EXERCISE PROMPT: Without copying any pictures, restate exactly the lines from the start of the records through the line containing "Dipartimento Transizione digitale".

Excerpts from a dataset:
==================================================

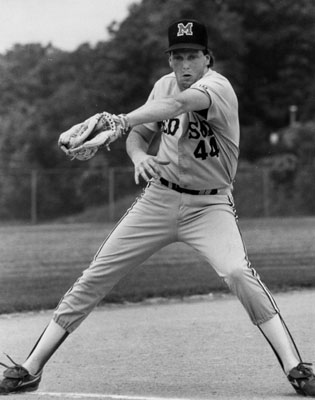 Tim Chapman. Milton Red Sox baseball team.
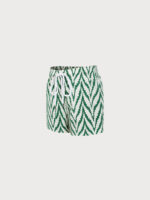 Boys' Green Geometric Swim Shorts - Image 2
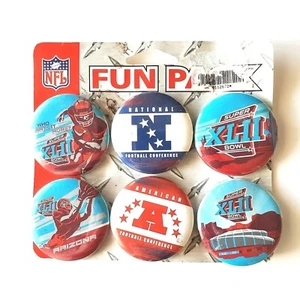 Wincraft Sports Fun Pack NFL Superbowl 42 Football Collectors Pins Made In USA - Picture 1 of 3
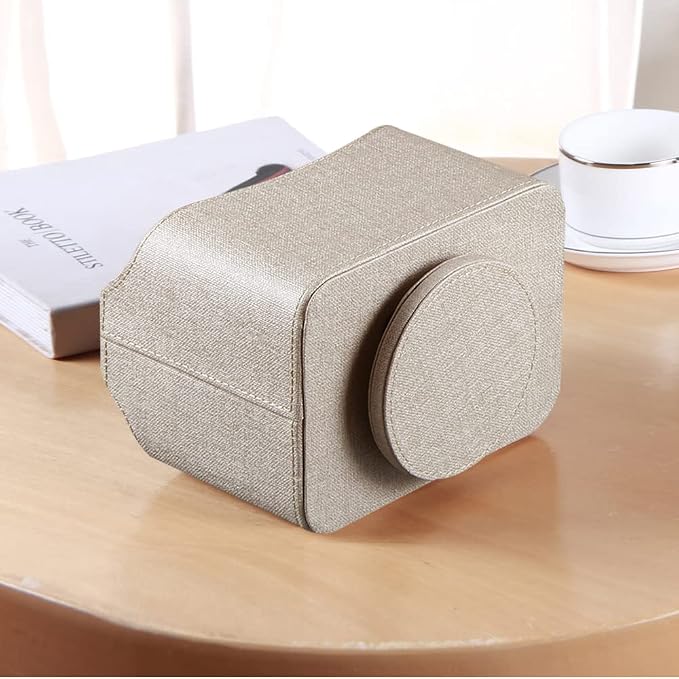 PUSU Leather 360°Rotatable Remote Control Holder, Nightstand TV Remote Caddy - Image 5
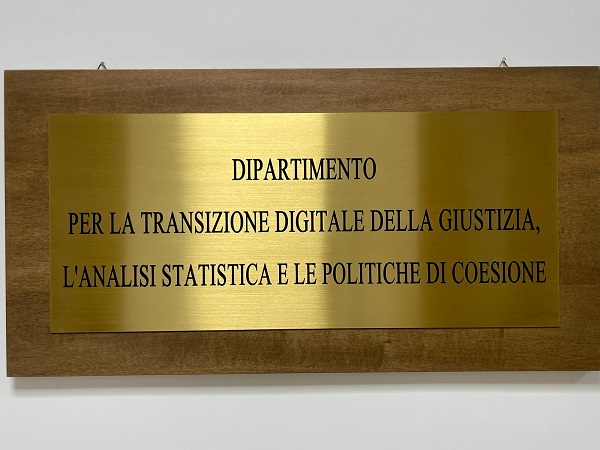 Dipartimento Transizione digitale (credits Ministero della Giustizia)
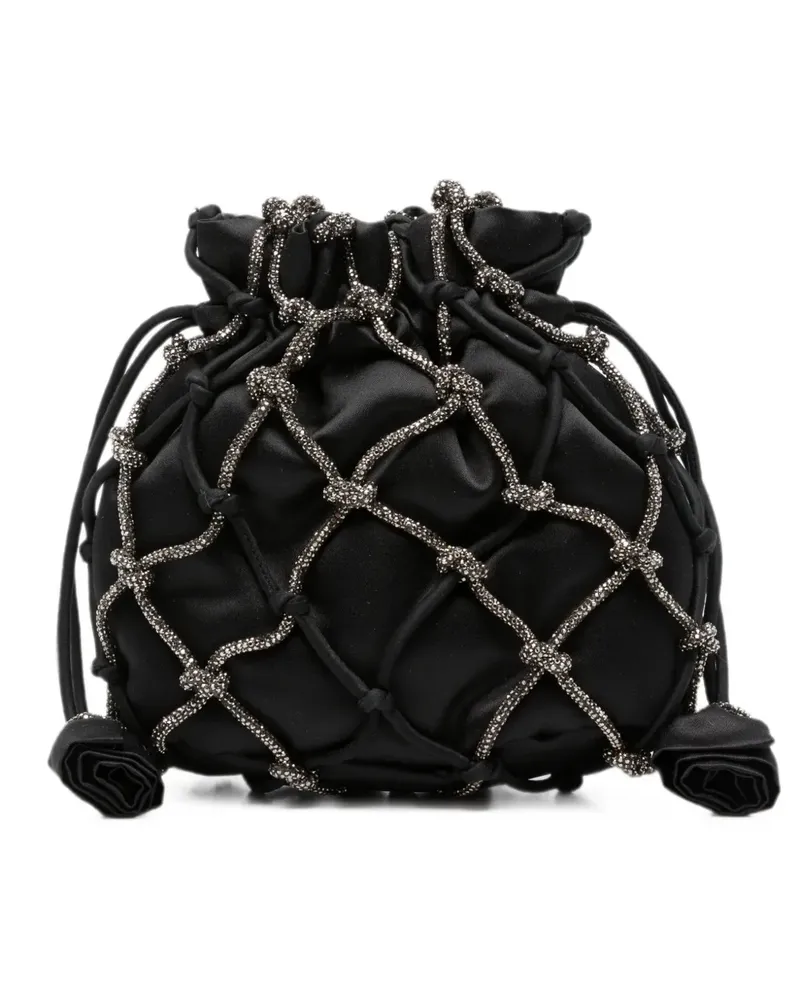 Rosantica crystal-embellished mini bag - Schwarz Schwarz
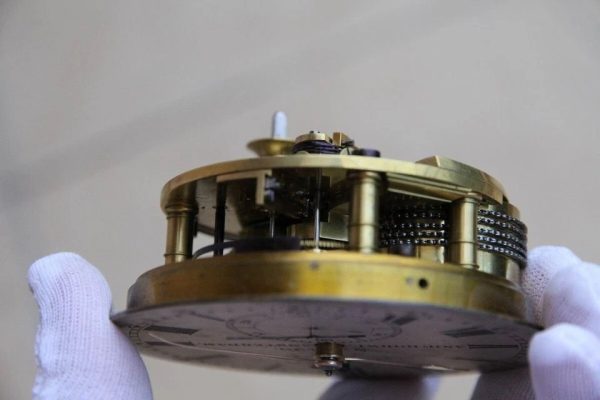 Collection rare Dutch marine ship chronometer Andreas Hohwu Amsterdam, No.42.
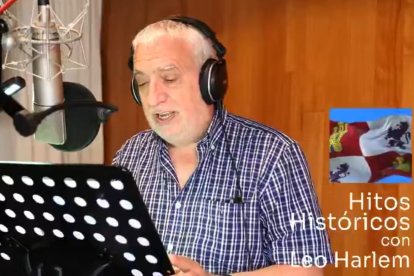 Leo Harlem durante la grabación de 'Castilla y León, mucha historia que contar'.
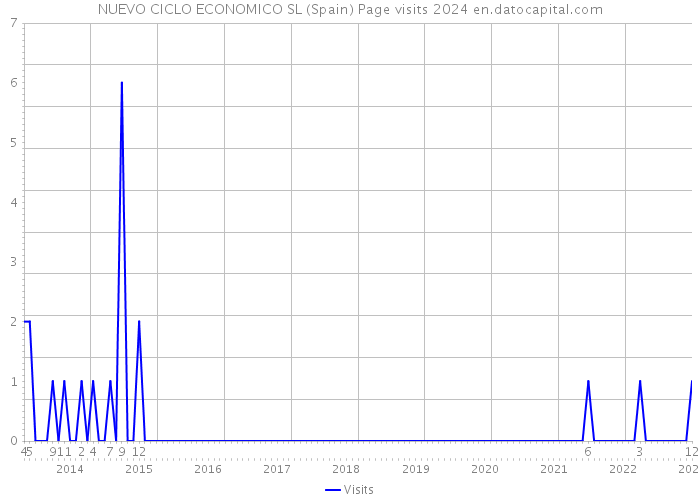 NUEVO CICLO ECONOMICO SL (Spain) Page visits 2024 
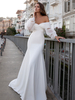 Robe de mariée simple hors de l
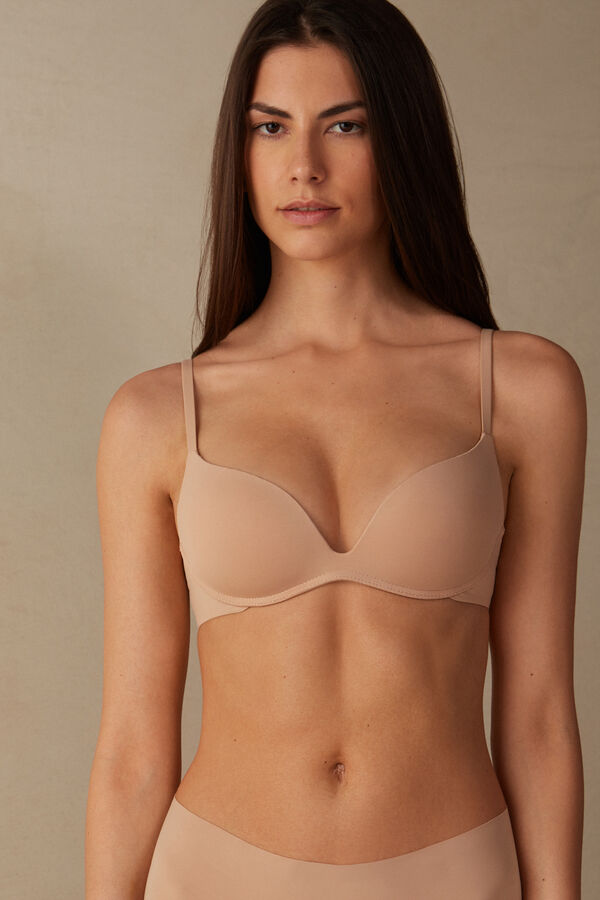 Soutien-gorge push-up sans armaturess en microfibre GIOIA bonnet B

==================================================

ANSWER TO THIS EXERCISE:
 Tim Chapman. Milton Red Sox baseball team.
 Boys' Green Geometric Swim Shorts - Image 2
 Wincraft Sports Fun Pack NFL Superbowl 42 Football Collectors Pins Made In USA - Picture 1 of 3
 PUSU Leather 360°Rotatable Remote Control Holder, Nightstand TV Remote Caddy - Image 5
 Dipartimento Transizione digitale (credits Ministero della Giustizia)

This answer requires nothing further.